AWS Glue Scala GlueContext APIs - AWS Glue

AWS Glue Scala GlueContext APIs

Package: com.amazonaws.services.glue

class GlueContext extends SQLContext(sc) ( @transient val sc : SparkContext, val defaultSourcePartitioner : PartitioningStrategy )

GlueContext is the entry point for reading and writing a DynamicFrame from and to Amazon Simple Storage Service (Amazon S3), the AWS Glue Data Catalog, JDBC, and so on. This class provides utility functions to create DataSource trait and DataSink objects that can in turn be used to read and write DynamicFrames.

You can also use GlueContext to set a target number of partitions (default 20) in the DynamicFrame if the number of partitions created from the source is less than a minimum threshold for partitions (default 10).

def addIngestionColumns

def addIngestionColumns( df : DataFrame, timeGranularity : String = "") : dataFrame

Appends ingestion time columns like ingest_year, ingest_month, ingest_day, ingest_hour, ingest_minute to the input DataFrame. This function is automatically generated in the script generated by the AWS Glue when you specify a Data Catalog table with Amazon S3 as the target. This function automatically updates the partition with ingestion time columns on the output table. This allows the output data to be automatically partitioned on ingestion time without requiring explicit ingestion time columns in the input data.

  • dataFrame – The dataFrame to append the ingestion time columns to.

  • timeGranularity – The granularity of the time columns. Valid values are "day", "hour" and "minute". For example, if "hour" is passed in to the function, the original dataFrame will have "ingest_year", "ingest_month", "ingest_day", and "ingest_hour" time columns appended.
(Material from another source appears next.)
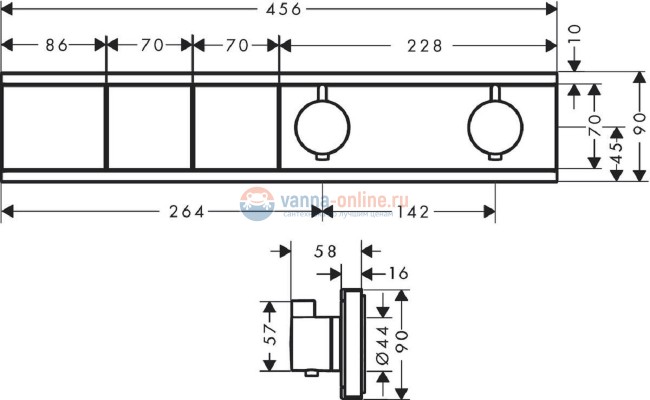 Смеситель для душа Hansgrohe RainSelect 15380000, 2 потребителя, термостатический, хром Смеситель для душа Hansgrohe RainSelect 15380000, 2 потребителя, термостатический, хром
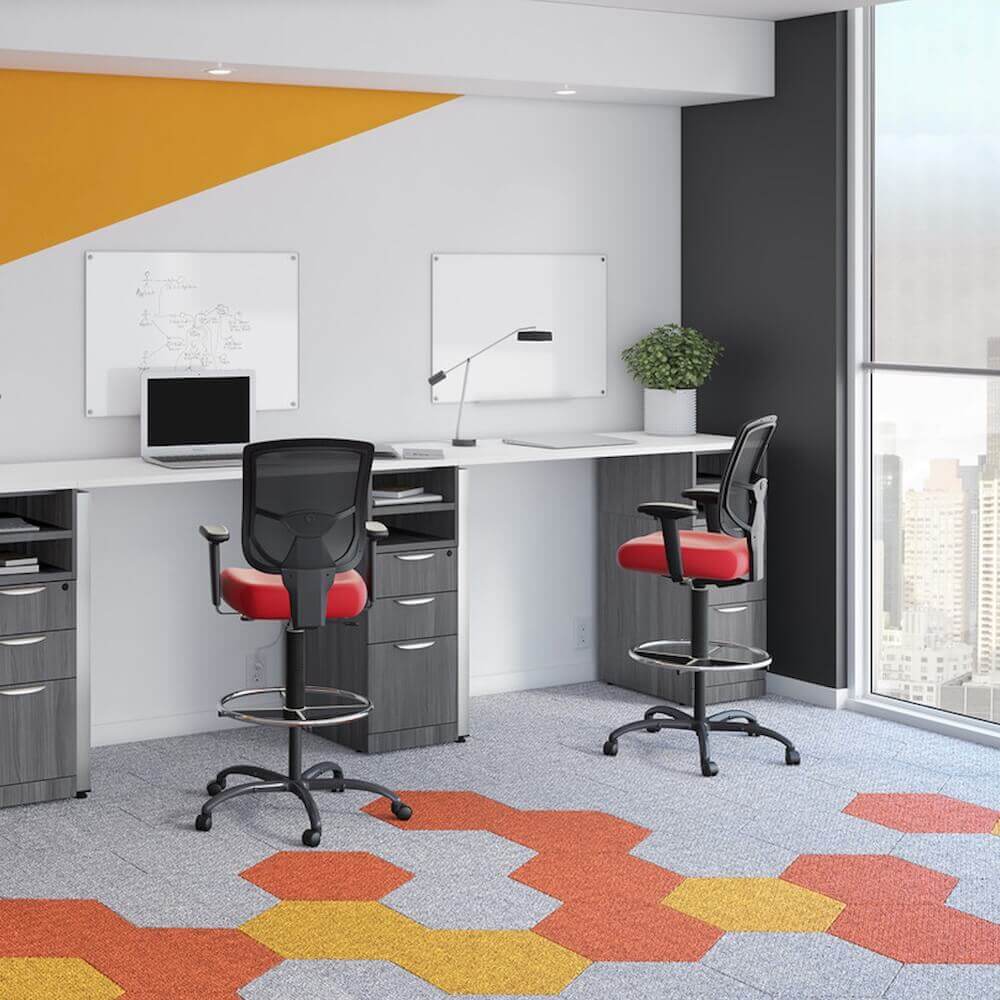 Office chair for standing desk ergonomic stool for standing desks tall drafting red fabric space view 2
Returns the data frame after appending the time granularity columns.

Example:

glueContext.addIngestionColumns(dataFrame, "hour")

forEachBatch

forEachBatch(frame, batch_function, options)

Applies the batch_function passed in to every micro batch that is read from the Streaming source.

  • frame – The DataFrame containing the current micro batch.

  • batch_function – A function that will be applied for every micro batch.

  • options – A collection of key-value pairs that holds information about how to process micro batches. The following options are required:

    • windowSize – The amount of time to spend processing each batch.

    • checkpointLocation – The location where checkpoints are stored for the streaming ETL job.

    • batchMaxRetries – The maximum number of times to retry the batch if it fails. The default value is 3. This option is only configurable for Glue version 2.0 and above.

Example:

glueContext.forEachBatch(data_frame_datasource0, (dataFrame: Dataset[Row], batchId: Long) => { if (dataFrame.count() > 0) { val datasource0 = DynamicFrame(glueContext.addIngestionTimeColumns(dataFrame, "hour"), glueContext) // @type: DataSink // @args: [database = "tempdb", table_name = "fromoptionsoutput", stream_batch_time = "100 seconds", // stream_checkpoint_location = "s3://from-options-testing-eu-central-1/fromOptionsOutput/checkpoint/", // transformation_ctx = "datasink1"] // @return: datasink1 // @inputs: [frame = datasource0] val options_datasink1 = JsonOptions( Map("partitionKeys" -> Seq("ingest_year", "ingest_month","ingest_day", "ingest_hour"), "enableUpdateCatalog" -> true)) val datasink1 = glueContext.getCatalogSink( database = "tempdb", tableName = "fromoptionsoutput", redshiftTmpDir = "", transformationContext = "datasink1", additionalOptions = options_datasink1).writeDynamicFrame(datasource0) } }, JsonOptions("""{"windowSize" : "100 seconds", "checkpointLocation" : "s3://from-options-testing-eu-central-1/fromOptionsOutput/checkpoint/"}"""))

def getCatalogSink

def getCatalogSink( database : String, tableName : String, redshiftTmpDir : String = "", transformationContext : String = "" additionalOptions: JsonOptions = JsonOptions.empty, catalogId: String = null ) : DataSink

Creates a DataSink that writes to a location specified in a table that is defined in the Data Catalog.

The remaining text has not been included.